KOPPAL: A sessions court in Karnataka on Thursday sentenced 98 people to life imprisonment and handed five-year jail terms to three others in a 2014 case of discrimination and caste violence targeting Dalits at Marakumbi village of Gangavati taluk.
Judge Chandrasekhar C convicted 101 people in the case, of whom three received lighter sentences because Scheduled Caste and Scheduled Tribe (Prevention of Atrocities) Act, 1989, couldn’t be invoked against someone belonging to either community.
Sources said the mass sentencing was among the highest in a caste-related case anywhere in the country.
Public prosecutor Aparna Bundi said 117 suspects were tried in the case, originating from an Aug 29, 2014, police complaint about a mob assaulting Dalits and torching their huts in retaliation to a clash the previous day.
Dalits had been barred from barber shops and eateries in Marakumbi.

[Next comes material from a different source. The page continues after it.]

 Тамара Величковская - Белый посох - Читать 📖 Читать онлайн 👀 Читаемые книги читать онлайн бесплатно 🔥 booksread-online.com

Such was the impact that Marakumbi had to be kept under police surveillance for three months after the violence. State’s dalit rights committee organised a march from Marukumbi to Bengaluru to protest the atrocities. A siege of Gangavathi police station lasted several days.
Sixteen of the suspects named in the chargesheet died during the course of the decade-long trial, Bundi said. The sentenced life convicts, who have also been fined between Rs 2,000 and Rs 5,000 each, are in Ballari central jail.